_RECORDS PROVIDED:_
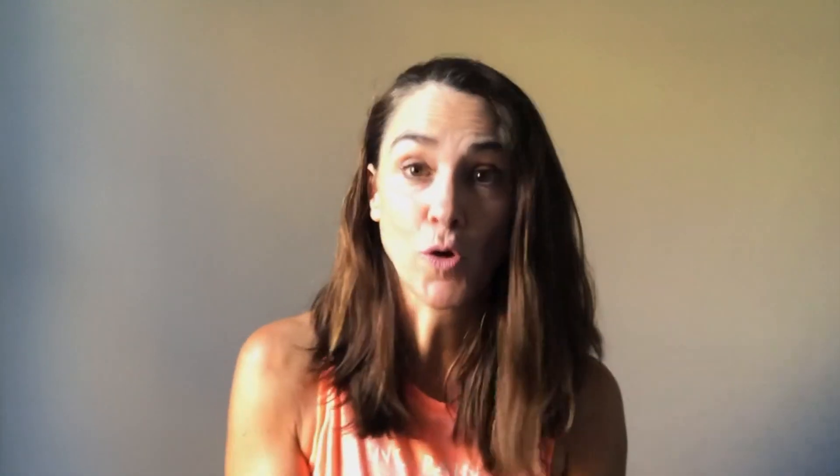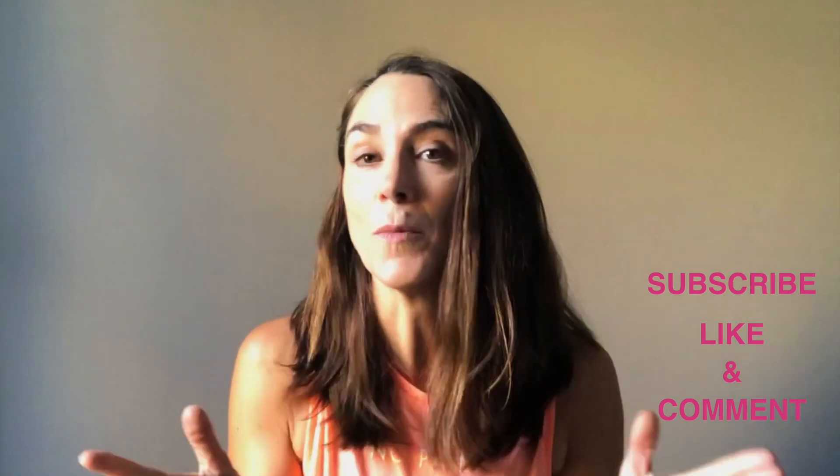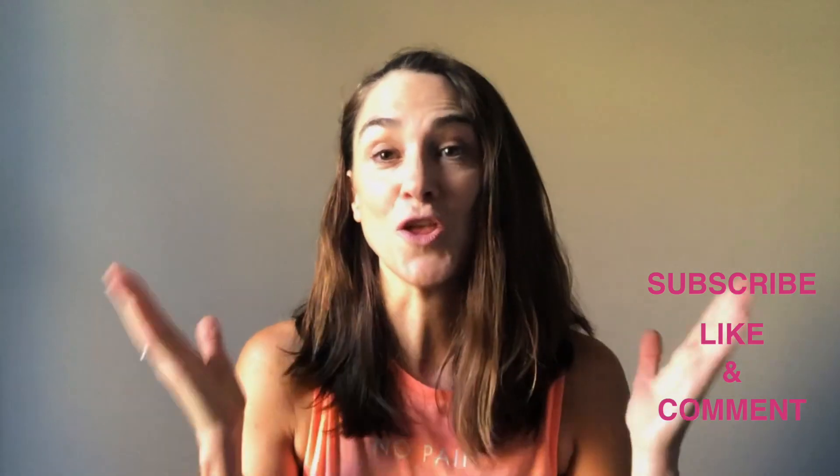I hope you enjoyed the video, and if you did, for us to be able to make even more content for you, I'd really appreciate it — I'd love it if you could subscribe and like the video. And if you want to make any comments as well, we'll be able to act on those and produce more material that you like. Thank you.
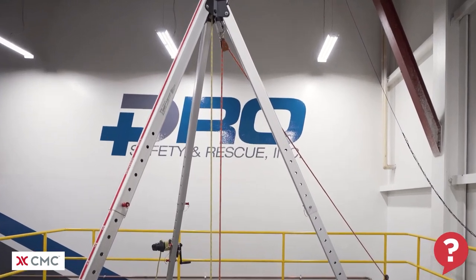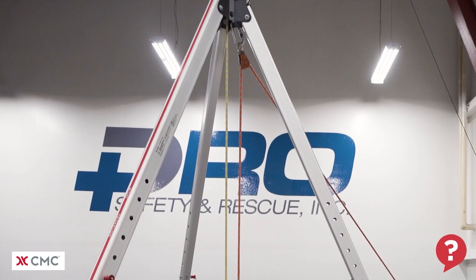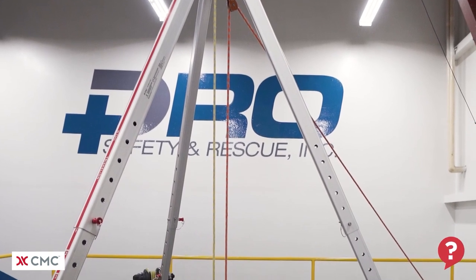Hello, welcome to another what's wrong video from the CMC School. Take a close look at this system and try to spot what's wrong with it.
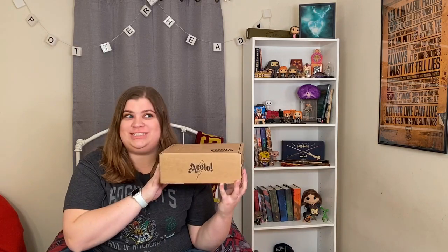Hey everybody! Welcome back to my channel, Vlog of Requirements. I hope you guys are having a great day. I'm super excited because this just came to me.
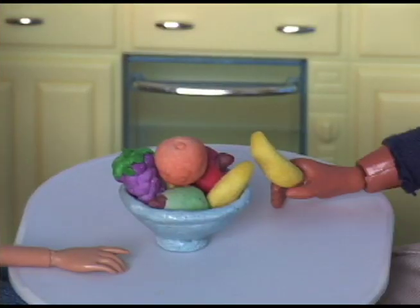Watch for the Lambie Dolls tutorial on making fruit for your bowl. See you soon!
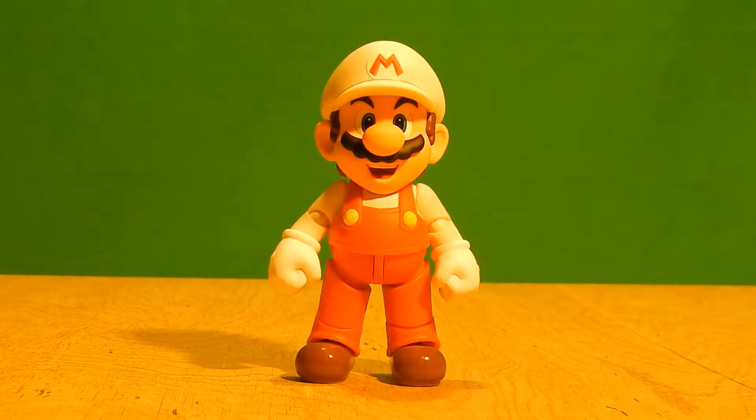What is up people YouTube, it is I, the Mario Bros. 17, or you can call me Vinny, and today we are taking a look at the SH Figure Arts Fire Mario.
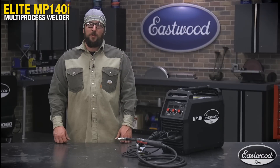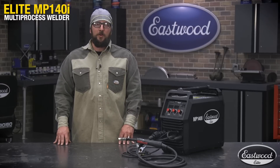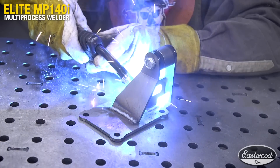We just finished welding with the Eastwood MP140i. Consistent arc stability was great, just like the MP200. It would be great for the automotive enthusiast welding those patch panels in, sheet metal. Worked great.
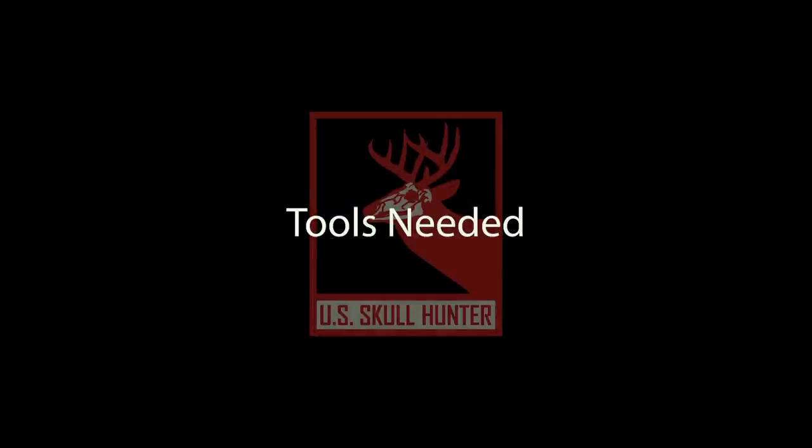Hey everybody, welcome back to my shed here in Virginia. My name is Hunter. Today we are going to be covering the topic of adding a metal finish to a skull — and we are not talking about a fake metal finish, it is real. It's a super great option for individuals or taxidermists, even for your clients. It'll be a complete tutorial covering everything you need to do it, start to finish.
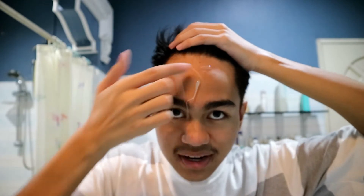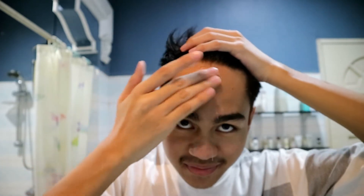Next guys, itong gel mask — peel-off gel mask. Apply evenly to face, avoiding eye area, leave for 15–20 minutes until dry. Ilalagay natin sa malawa kong noo. Tapos na pag-apply ng mask. So it's time to peel it off. Shiny.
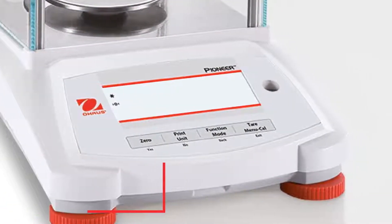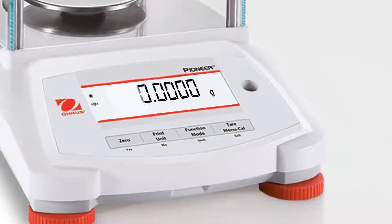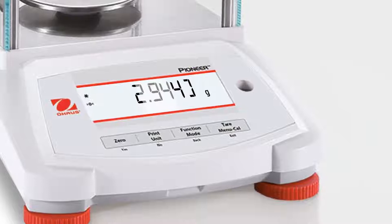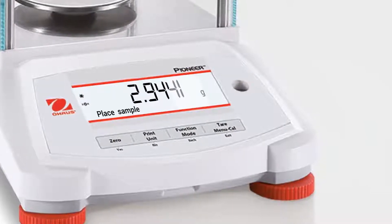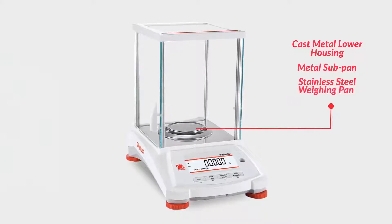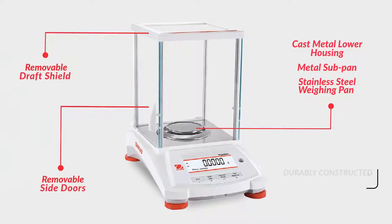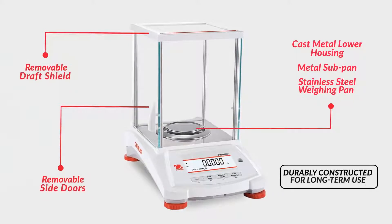A brightly lit dual-line display shows the weight in an easy-to-read manner, while a dot matrix second line provides additional information or guidance prompts to the user. Featuring a cast metal lower housing, metal subpan, stainless steel weighing pan, and removable draft shield or side doors, the Pioneer PX is durably constructed for long-term use and suitable for a variety of applications.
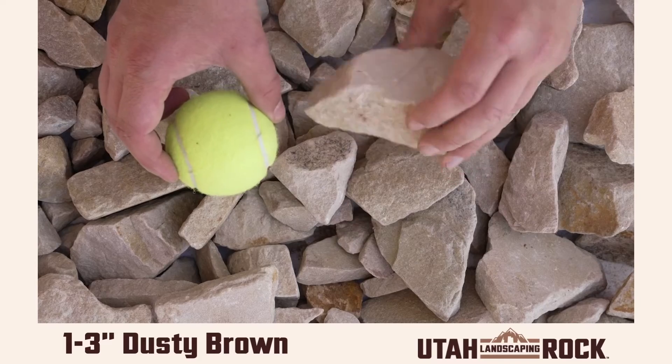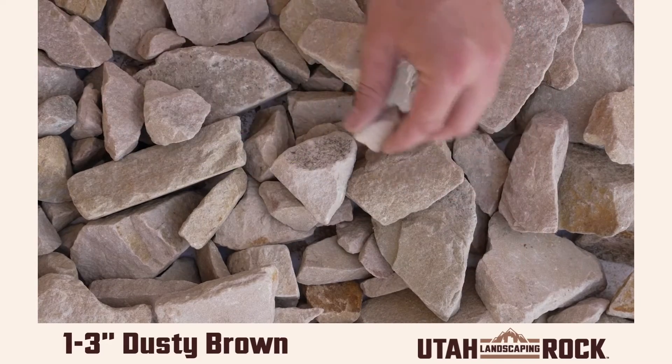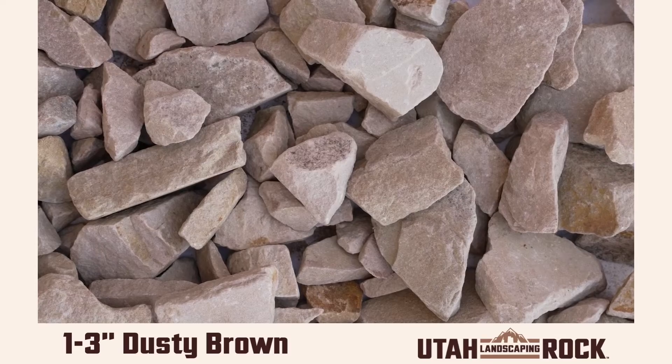Hey everyone, this is Kelly from Utah Landscaping Rock. This is our dusty brown in 1 to 3 inches. It is one of our more neutral rocks which comes in many different sizes.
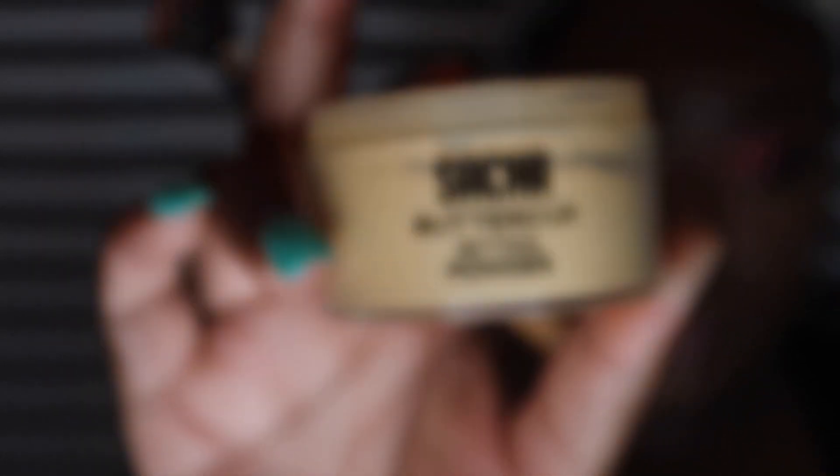Now I'm taking the Sacha Buttercup Setting Powder and I'm just going to put that under my eyes and set all of the places on my face that I highlighted.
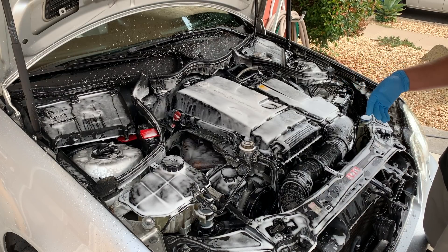We're going to use Ceratrim with a microfiber block applicator and apply it to the top plastics. Now that Ceratrim has dwelled for five to twenty minutes on the plastics, we're just going to take a microfiber towel and buff off the excess residue that did not absorb into the plastics. And there you guys have it — a nice freshly detailed engine bay.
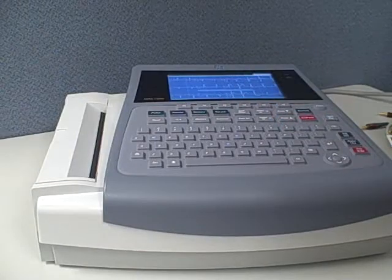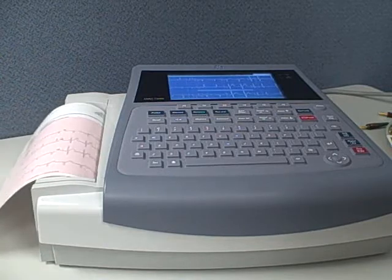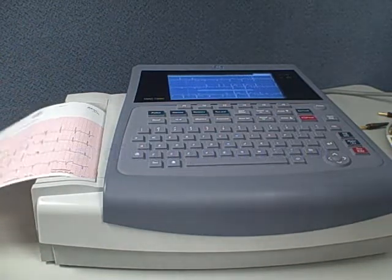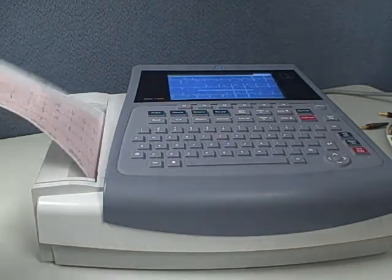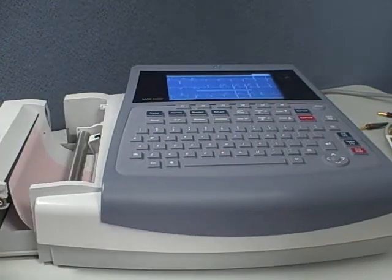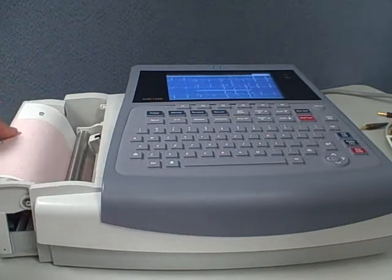Now let's take a look at the operation. Once the patient is hooked up, one touch operation will show all 12 leads coming across and printing off a sheet quickly. The thermal graph paper comes in a pack of a couple hundred sheets that you slide right into the paper canister here, easy in and out.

_TASK REQUIREMENTS:_
Write every record out again exactly; no pictures belong in the copy.

_SOLUTION FOR THIS PROBLEM:_
I hope you enjoyed the video, and if you did, for us to be able to make even more content for you, I'd really appreciate it — I'd love it if you could subscribe and like the video. And if you want to make any comments as well, we'll be able to act on those and produce more material that you like. Thank you.
Hello, welcome to another what's wrong video from the CMC School. Take a close look at this system and try to spot what's wrong with it.
Hey everybody! Welcome back to my channel, Vlog of Requirements. I hope you guys are having a great day. I'm super excited because this just came to me.
Watch for the Lambie Dolls tutorial on making fruit for your bowl. See you soon!
What is up people YouTube, it is I, the Mario Bros. 17, or you can call me Vinny, and today we are taking a look at the SH Figure Arts Fire Mario.
We just finished welding with the Eastwood MP140i. Consistent arc stability was great, just like the MP200. It would be great for the automotive enthusiast welding those patch panels in, sheet metal. Worked great.
Hey everybody, welcome back to my shed here in Virginia. My name is Hunter. Today we are going to be covering the topic of adding a metal finish to a skull — and we are not talking about a fake metal finish, it is real. It's a super great option for individuals or taxidermists, even for your clients. It'll be a complete tutorial covering everything you need to do it, start to finish.
Next guys, itong gel mask — peel-off gel mask. Apply evenly to face, avoiding eye area, leave for 15–20 minutes until dry. Ilalagay natin sa malawa kong noo. Tapos na pag-apply ng mask. So it's time to peel it off. Shiny.
A brightly lit dual-line display shows the weight in an easy-to-read manner, while a dot matrix second line provides additional information or guidance prompts to the user. Featuring a cast metal lower housing, metal subpan, stainless steel weighing pan, and removable draft shield or side doors, the Pioneer PX is durably constructed for long-term use and suitable for a variety of applications.
Hey everyone, this is Kelly from Utah Landscaping Rock. This is our dusty brown in 1 to 3 inches. It is one of our more neutral rocks which comes in many different sizes.
Now I'm taking the Sacha Buttercup Setting Powder and I'm just going to put that under my eyes and set all of the places on my face that I highlighted.
We're going to use Ceratrim with a microfiber block applicator and apply it to the top plastics. Now that Ceratrim has dwelled for five to twenty minutes on the plastics, we're just going to take a microfiber towel and buff off the excess residue that did not absorb into the plastics. And there you guys have it — a nice freshly detailed engine bay.
Now let's take a look at the operation. Once the patient is hooked up, one touch operation will show all 12 leads coming across and printing off a sheet quickly. The thermal graph paper comes in a pack of a couple hundred sheets that you slide right into the paper canister here, easy in and out.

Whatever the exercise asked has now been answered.